Most Australian businesses still treat AI search as one thing. It isn't. ChatGPT, Google AI Overviews and Perplexity pull from largely different pools of content, and the page that earns you a citation in one can be invisible in the next. Perplexity SEO is the practice of structuring content so Perplexity's answer engine cites it as a source. This guide covers what Perplexity actually rewards, what we found scoring 69 Australian AI-search pages, and a 30-day plan you can run yourself. For the bigger picture, start with our take on AI search versus traditional SEO in Australia.
What Is Perplexity SEO?
Perplexity SEO is the practice of structuring content so Perplexity's answer engine cites it as a source in its written answers. An answer engine is a search tool that returns a short, sourced response with numbered citations instead of ten blue links. Perplexity ran roughly 780 million queries in May 2025, up from about 230 million the previous August, going by Perplexity usage data for 2025. The work splits three ways. Freshness is how recently a page was published or substantively updated, and Perplexity weights recent content heavily. Source structure means tight, scannable passages with claims an engine can lift word for word. Entity clarity means the page makes obvious who you are, backed by consistent details across the web. None of that is link-building.
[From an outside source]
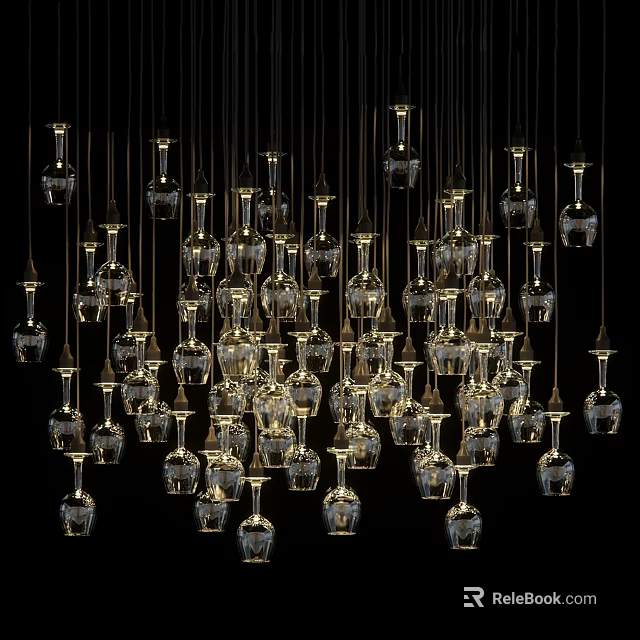 Artistic Modern Glass Chandelier With Multiple Hanging Transparent Light Fixtures 3d model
There are 2,729,648 actively trading businesses in Australia (ABS Counts of Australian Businesses) chasing a handful of citation slots, so the gap between ranking on Google and getting cited on Perplexity is real money.
| Perplexity, by the numbers | Figure |
|---|---|
| Monthly search queries (May 2025) | About 780 million |
| Monthly active users | Around 22 million |
| Users in the 18-34 bracket | More than 53% |
| Visits arriving as direct traffic | About 82% |
| Month-on-month query growth (mid-2025) | Around 20% |
Why Doesn't Ranking on Google Get You Cited on Perplexity?
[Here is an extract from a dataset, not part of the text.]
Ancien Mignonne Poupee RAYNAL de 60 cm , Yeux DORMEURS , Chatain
Because Perplexity isn't reading Google's index, it reads the live web on the query and picks the few pages that answer cleanly with sources. Different engines, different shortlists. When researchers compared the pages cited by ChatGPT, Google AI Overviews and Perplexity for the same prompts, the overlap was small. By some counts only around 14% of cited content shows up across all three, so a win on one doesn't carry to the others (analysis of ChatGPT, Gemini and Perplexity for SEO). Google leans on backlinks and domain authority. Perplexity leans on whether a page states a verifiable claim it can lift in a sentence. A page ranking page one on Google for "buyers agency Melbourne" can be absent when someone asks Perplexity the same thing. Small business carries a big share of Australia's private-sector jobs (ASBFEO employment data), so the firms that adapt to answer-engine search first pick up enquiries the rest miss. Our ChatGPT search ranking guide covers the other side of this split, and the AI-search visibility pillar maps the whole picture.
What Does Perplexity Actually Reward?
Four signals do most of the work, and not one of them is a backlink. Freshness comes first: Perplexity skews hard toward content published or updated recently, so a page untouched for 6 months is already behind. Then source density. Pages packed with concrete, checkable claims (numbers, dates, named methods) get pulled into answers more often than pages that hand-wave. Then structure. Short, self-contained passages and clean FAQ blocks are easy for the engine to lift in one piece; walls of text aren't. Last, entity clarity. The page, plus your wider footprint (LinkedIn, Wikidata, consistent business details), should make obvious who you are. We see the same split in our own corpus: the pages that do three of those four well sit in the top bands, and the rest are usually long, undated and short on data. Practitioner reverse-engineering of Perplexity citations found format beat brand size, with a small site outranking a big one. Run your top page through our self-check SEO audit, and our how to rank on Google in Australia guide for the search side.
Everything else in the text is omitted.